··· Data block
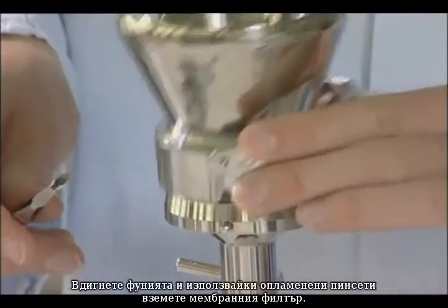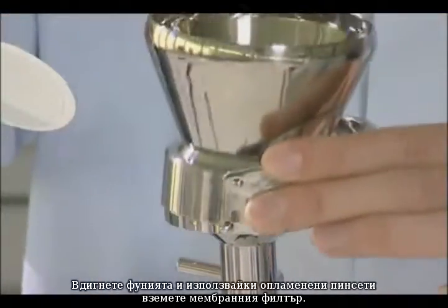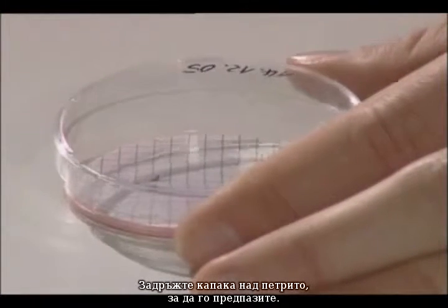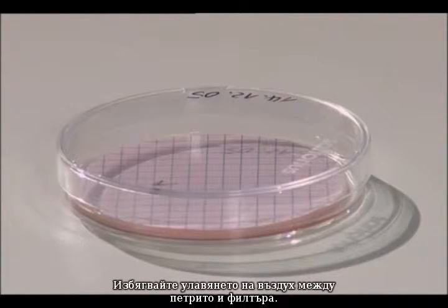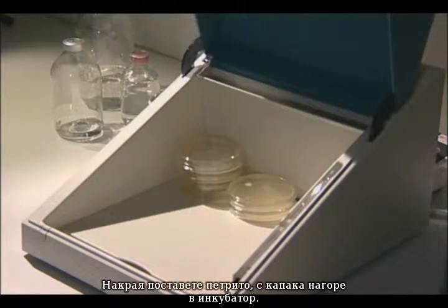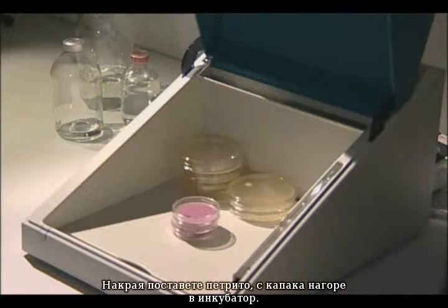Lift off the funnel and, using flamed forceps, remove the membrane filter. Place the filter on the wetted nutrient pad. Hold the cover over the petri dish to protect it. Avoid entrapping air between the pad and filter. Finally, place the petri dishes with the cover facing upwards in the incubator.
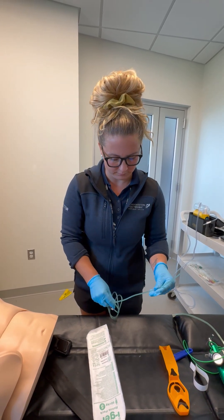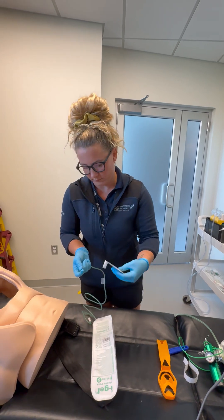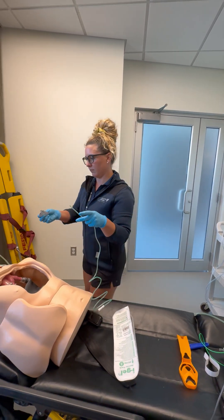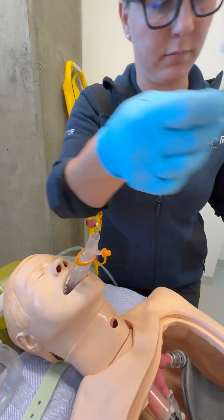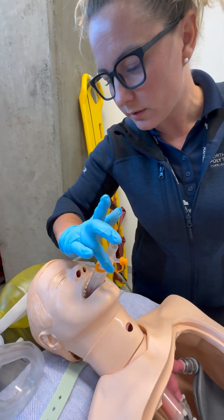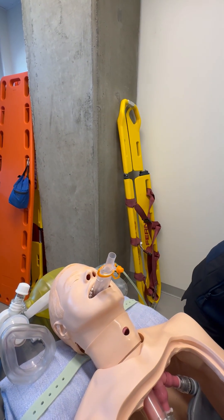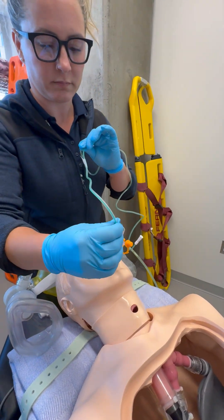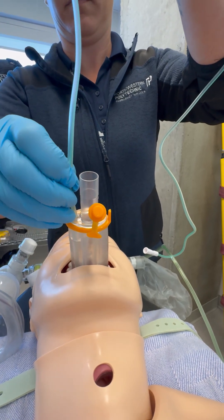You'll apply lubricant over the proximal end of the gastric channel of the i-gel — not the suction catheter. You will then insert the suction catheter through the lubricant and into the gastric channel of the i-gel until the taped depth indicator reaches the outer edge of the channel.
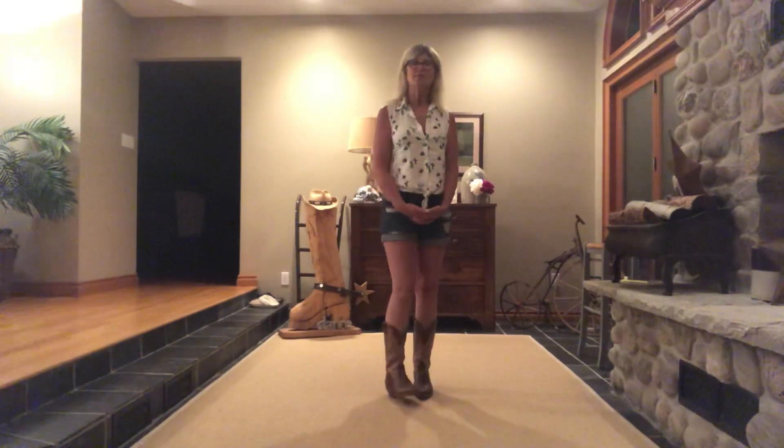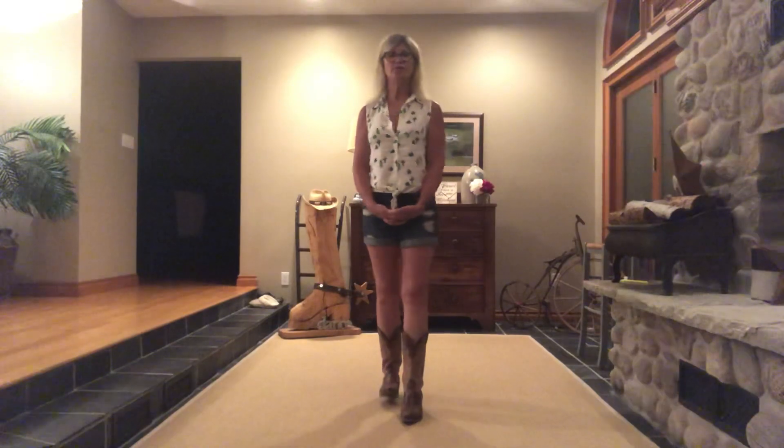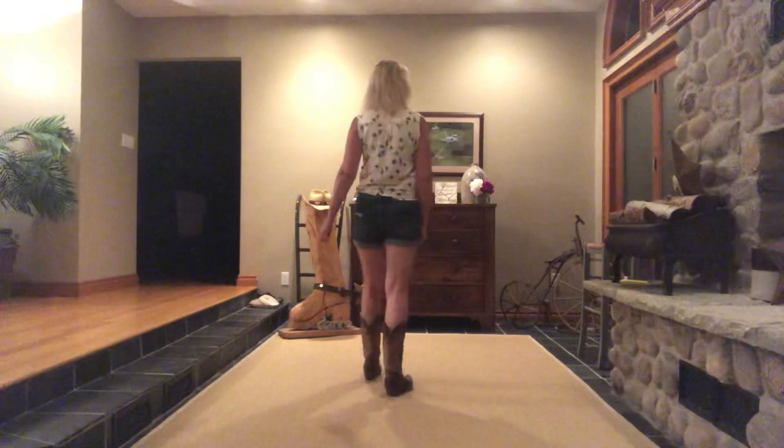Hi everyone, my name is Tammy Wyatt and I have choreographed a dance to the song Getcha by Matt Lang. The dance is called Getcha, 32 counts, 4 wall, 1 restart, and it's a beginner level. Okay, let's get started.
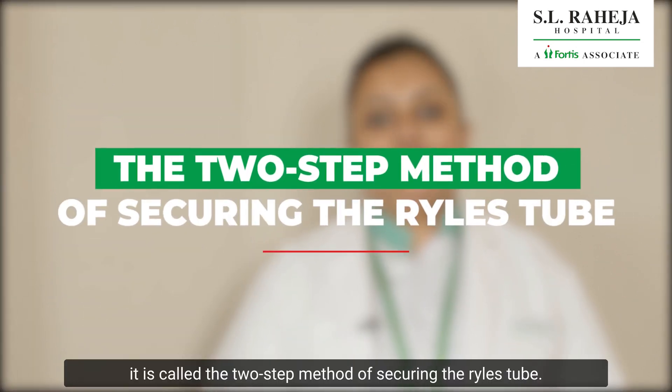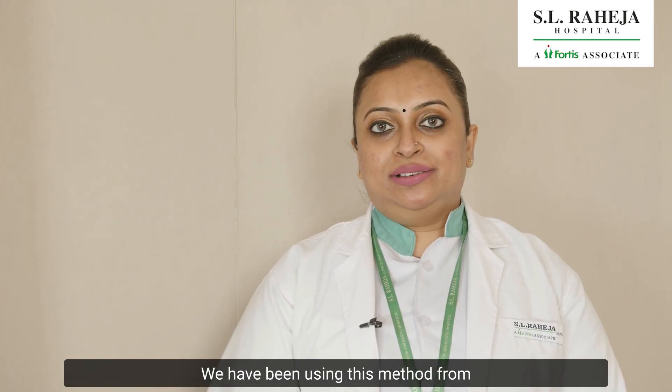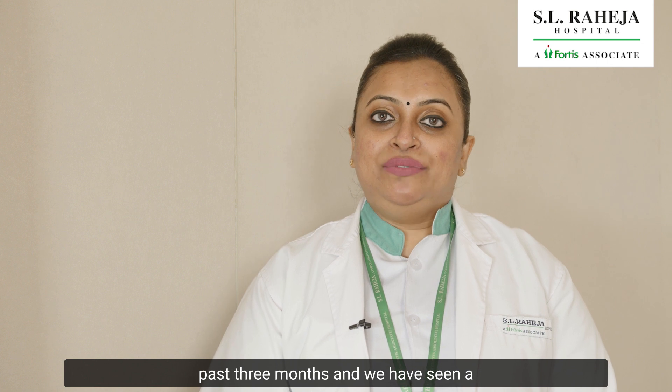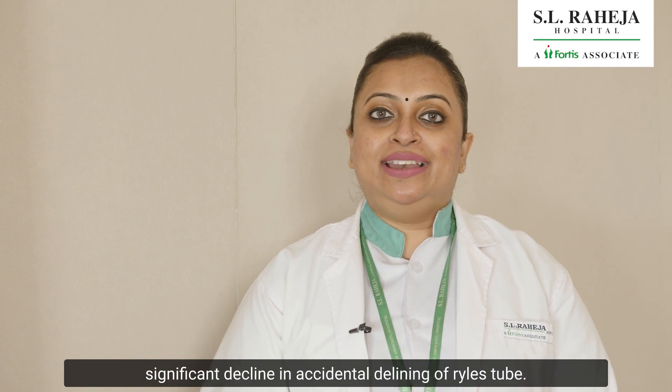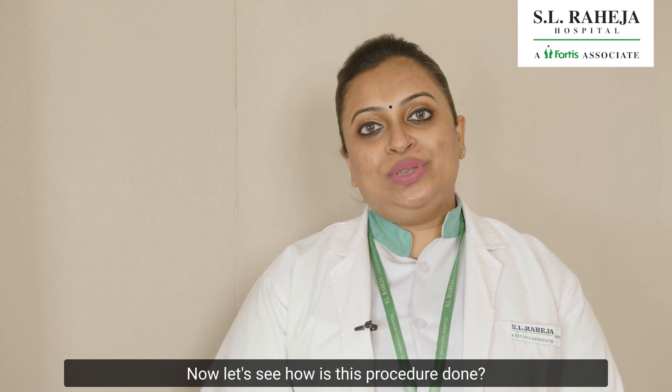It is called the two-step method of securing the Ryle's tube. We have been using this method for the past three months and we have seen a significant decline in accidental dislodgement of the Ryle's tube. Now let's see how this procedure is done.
······
Work request :: Please copy the data shown above word for word, omitting the pictures.

Output of the exercise ::
Lift off the funnel and, using flamed forceps, remove the membrane filter. Place the filter on the wetted nutrient pad. Hold the cover over the petri dish to protect it. Avoid entrapping air between the pad and filter. Finally, place the petri dishes with the cover facing upwards in the incubator.
You'll apply lubricant over the proximal end of the gastric channel of the i-gel — not the suction catheter. You will then insert the suction catheter through the lubricant and into the gastric channel of the i-gel until the taped depth indicator reaches the outer edge of the channel.
Hi everyone, my name is Tammy Wyatt and I have choreographed a dance to the song Getcha by Matt Lang. The dance is called Getcha, 32 counts, 4 wall, 1 restart, and it's a beginner level. Okay, let's get started.
It is called the two-step method of securing the Ryle's tube. We have been using this method for the past three months and we have seen a significant decline in accidental dislodgement of the Ryle's tube. Now let's see how this procedure is done.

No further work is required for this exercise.